### What you are asked to do
Exact wording is required for every entry; transcribe all of them and leave the images out.

### Entries provided
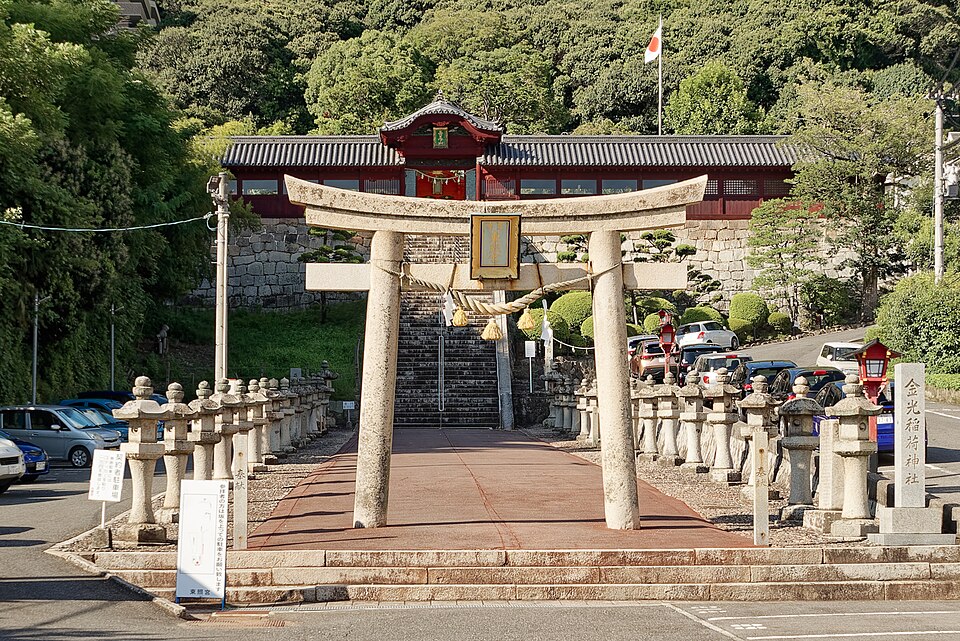 広島東照宮の境内の様子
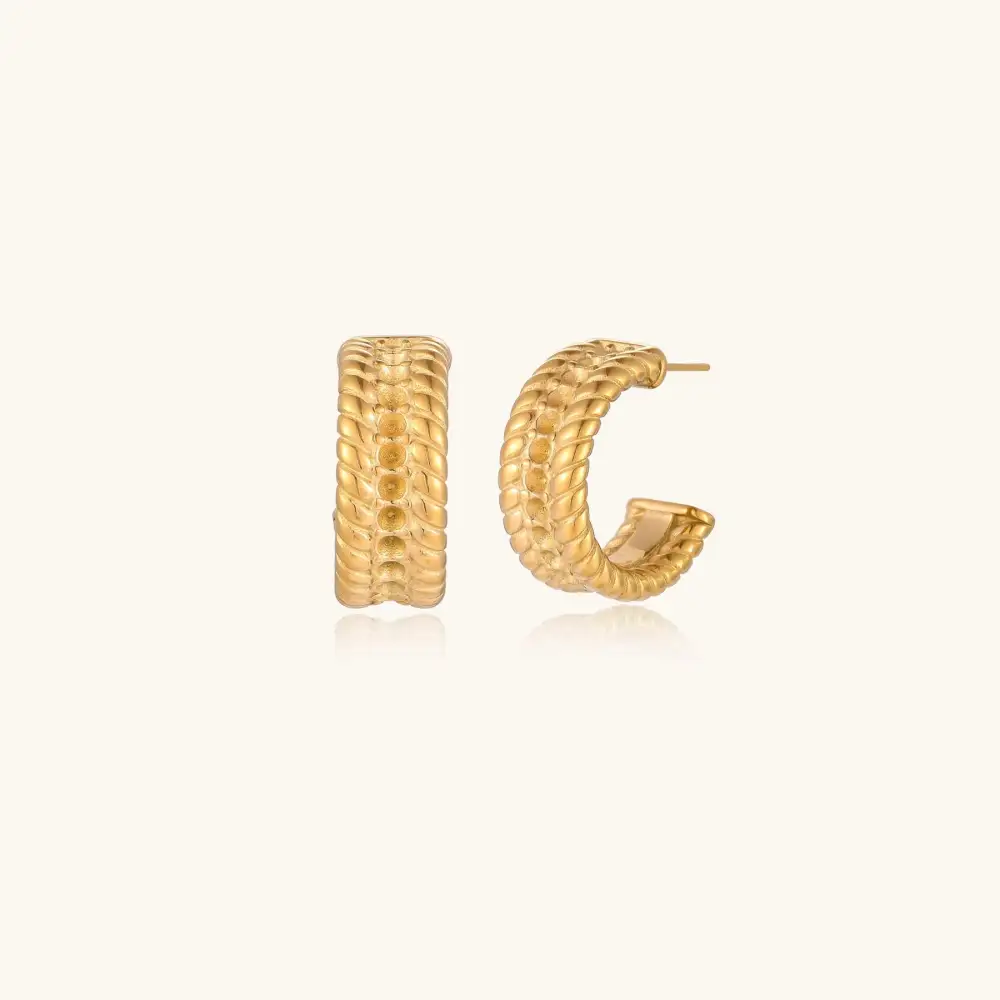Twisted Confidence Hoops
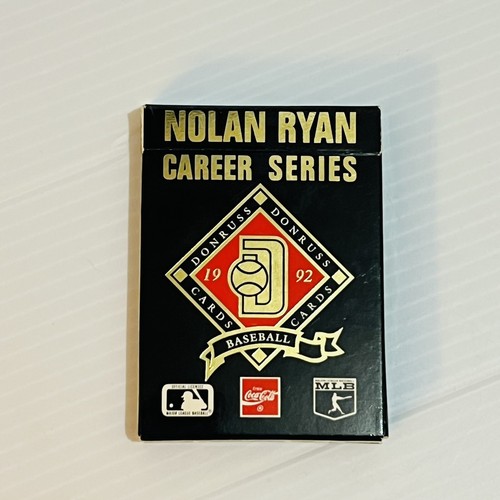 1992 Donruss & CocaCola NOLAN RYAN Career Series Complete Set (sealed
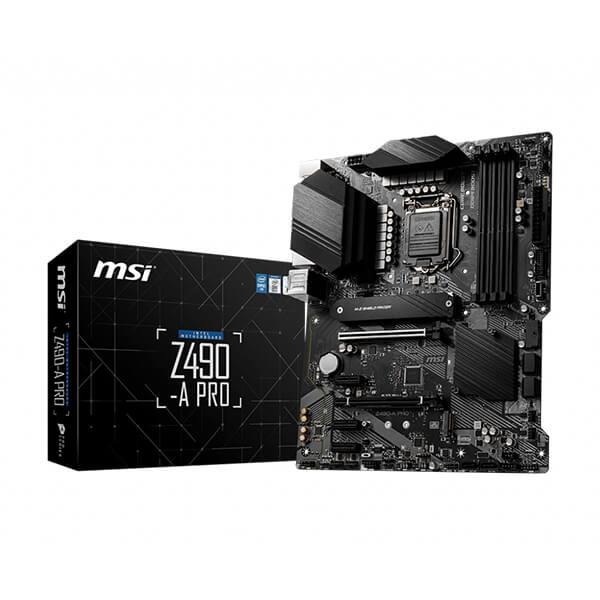 MSI Z490-A PRO Motherboard (Intel Socket 1200/10th Generation Core Series CPU/Max 128GB DDR4-4800MHz Memory)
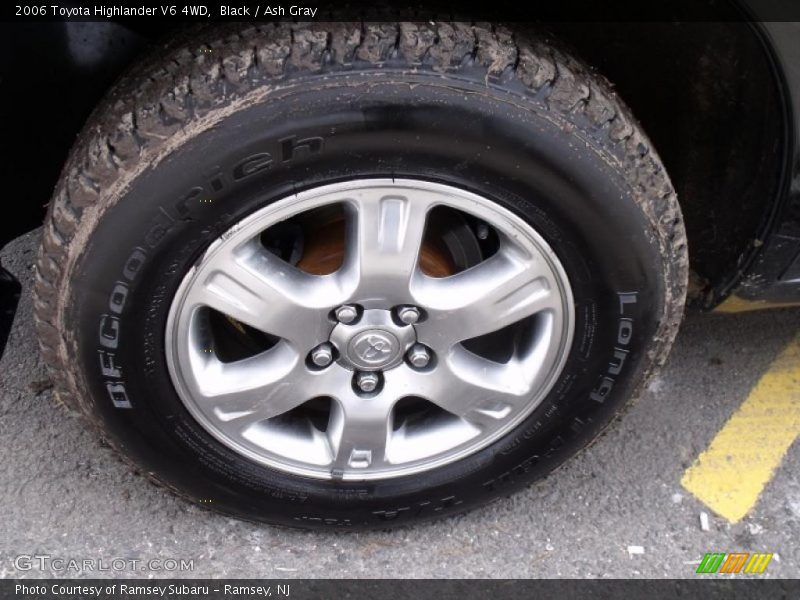 Black / Ash Gray 2006 Toyota Highlander V6 4WD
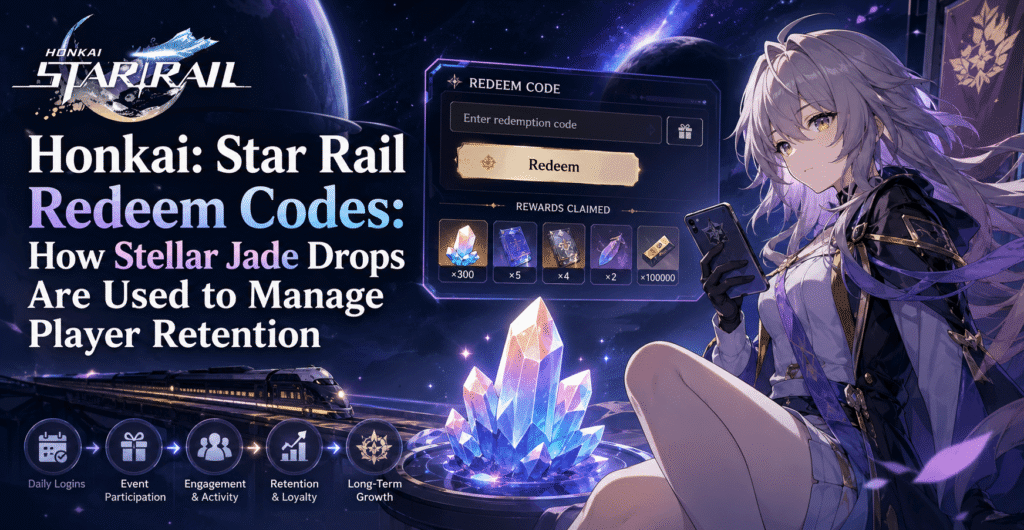 Honkai: Star Rail Redeem Codes: How Stellar Jade Drops Are Used to Manage Player Retention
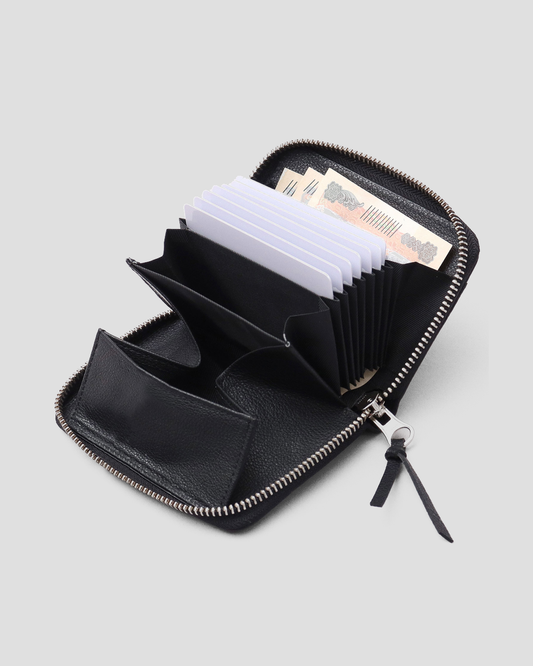 Genuine Leather Accordion Mini Wallet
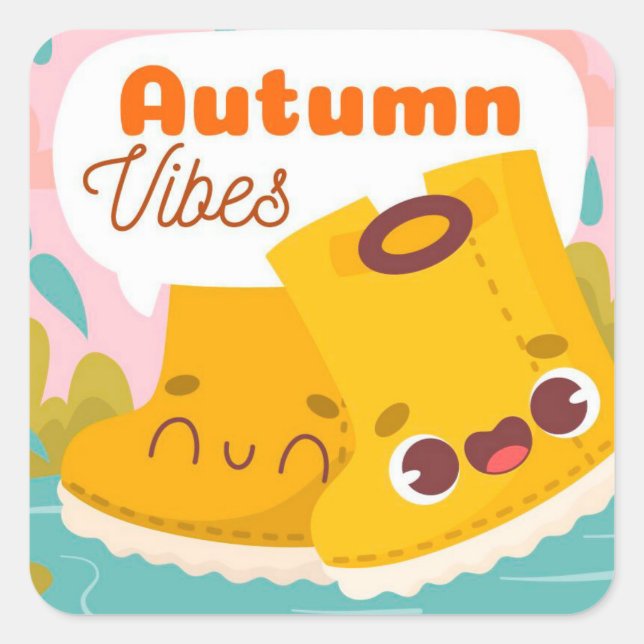 Autumn Rain Boots Stickers (Front)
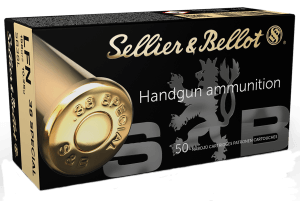 Sellier & Bellot SB38L Handgun  38 Special 158 gr Lead Flat Nose 50rd Box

### Response to this task
 広島東照宮の境内の様子
Twisted Confidence Hoops
 1992 Donruss & CocaCola NOLAN RYAN Career Series Complete Set (sealed
 MSI Z490-A PRO Motherboard (Intel Socket 1200/10th Generation Core Series CPU/Max 128GB DDR4-4800MHz Memory)
 Black / Ash Gray 2006 Toyota Highlander V6 4WD
 Honkai: Star Rail Redeem Codes: How Stellar Jade Drops Are Used to Manage Player Retention
 Genuine Leather Accordion Mini Wallet
 Autumn Rain Boots Stickers (Front)
 Sellier & Bellot SB38L Handgun  38 Special 158 gr Lead Flat Nose 50rd Box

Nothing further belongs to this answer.